Stored data entries:
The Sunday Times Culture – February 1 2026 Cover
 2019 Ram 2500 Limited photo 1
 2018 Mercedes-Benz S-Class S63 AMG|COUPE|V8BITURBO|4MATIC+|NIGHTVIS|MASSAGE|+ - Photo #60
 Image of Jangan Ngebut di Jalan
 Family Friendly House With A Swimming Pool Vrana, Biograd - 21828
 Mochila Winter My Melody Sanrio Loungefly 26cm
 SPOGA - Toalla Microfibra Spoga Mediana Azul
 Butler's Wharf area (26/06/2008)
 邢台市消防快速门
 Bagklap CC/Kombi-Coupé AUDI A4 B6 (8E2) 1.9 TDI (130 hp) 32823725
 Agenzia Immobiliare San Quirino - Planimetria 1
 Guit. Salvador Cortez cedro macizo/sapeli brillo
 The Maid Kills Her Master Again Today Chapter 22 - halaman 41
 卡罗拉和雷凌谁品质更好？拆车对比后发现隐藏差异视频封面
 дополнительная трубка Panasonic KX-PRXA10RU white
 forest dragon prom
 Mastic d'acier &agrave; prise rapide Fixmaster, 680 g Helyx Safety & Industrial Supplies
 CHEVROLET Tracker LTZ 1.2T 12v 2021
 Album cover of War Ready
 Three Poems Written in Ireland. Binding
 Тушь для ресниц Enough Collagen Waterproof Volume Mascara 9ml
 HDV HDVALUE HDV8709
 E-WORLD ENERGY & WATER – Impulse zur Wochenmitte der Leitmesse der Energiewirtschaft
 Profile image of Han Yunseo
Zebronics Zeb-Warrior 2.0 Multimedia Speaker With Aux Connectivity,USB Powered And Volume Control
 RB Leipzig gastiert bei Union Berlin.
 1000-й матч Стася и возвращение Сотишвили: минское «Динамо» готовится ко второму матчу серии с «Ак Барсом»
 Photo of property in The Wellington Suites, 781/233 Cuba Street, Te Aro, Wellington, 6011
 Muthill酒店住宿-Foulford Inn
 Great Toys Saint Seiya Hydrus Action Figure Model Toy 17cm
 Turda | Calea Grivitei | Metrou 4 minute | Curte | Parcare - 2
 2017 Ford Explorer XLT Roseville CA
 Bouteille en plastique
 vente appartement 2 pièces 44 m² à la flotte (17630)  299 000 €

» What needs to be done
Every record above needs to be repeated word for word.

» Answer area
The Sunday Times Culture – February 1 2026 Cover
 2019 Ram 2500 Limited photo 1
 2018 Mercedes-Benz S-Class S63 AMG|COUPE|V8BITURBO|4MATIC+|NIGHTVIS|MASSAGE|+ - Photo #60
 Image of Jangan Ngebut di Jalan
 Family Friendly House With A Swimming Pool Vrana, Biograd - 21828
 Mochila Winter My Melody Sanrio Loungefly 26cm
 SPOGA - Toalla Microfibra Spoga Mediana Azul
 Butler's Wharf area (26/06/2008)
 邢台市消防快速门
 Bagklap CC/Kombi-Coupé AUDI A4 B6 (8E2) 1.9 TDI (130 hp) 32823725
 Agenzia Immobiliare San Quirino - Planimetria 1
 Guit. Salvador Cortez cedro macizo/sapeli brillo
 The Maid Kills Her Master Again Today Chapter 22 - halaman 41
 卡罗拉和雷凌谁品质更好？拆车对比后发现隐藏差异视频封面
 дополнительная трубка Panasonic KX-PRXA10RU white
 forest dragon prom
 Mastic d'acier &agrave; prise rapide Fixmaster, 680 g Helyx Safety & Industrial Supplies
 CHEVROLET Tracker LTZ 1.2T 12v 2021
 Album cover of War Ready
 Three Poems Written in Ireland. Binding
 Тушь для ресниц Enough Collagen Waterproof Volume Mascara 9ml
 HDV HDVALUE HDV8709
 E-WORLD ENERGY & WATER – Impulse zur Wochenmitte der Leitmesse der Energiewirtschaft
 Profile image of Han Yunseo
Zebronics Zeb-Warrior 2.0 Multimedia Speaker With Aux Connectivity,USB Powered And Volume Control
 RB Leipzig gastiert bei Union Berlin.
 1000-й матч Стася и возвращение Сотишвили: минское «Динамо» готовится ко второму матчу серии с «Ак Барсом»
 Photo of property in The Wellington Suites, 781/233 Cuba Street, Te Aro, Wellington, 6011
 Muthill酒店住宿-Foulford Inn
 Great Toys Saint Seiya Hydrus Action Figure Model Toy 17cm
 Turda | Calea Grivitei | Metrou 4 minute | Curte | Parcare - 2
 2017 Ford Explorer XLT Roseville CA
 Bouteille en plastique
 vente appartement 2 pièces 44 m² à la flotte (17630)  299 000 €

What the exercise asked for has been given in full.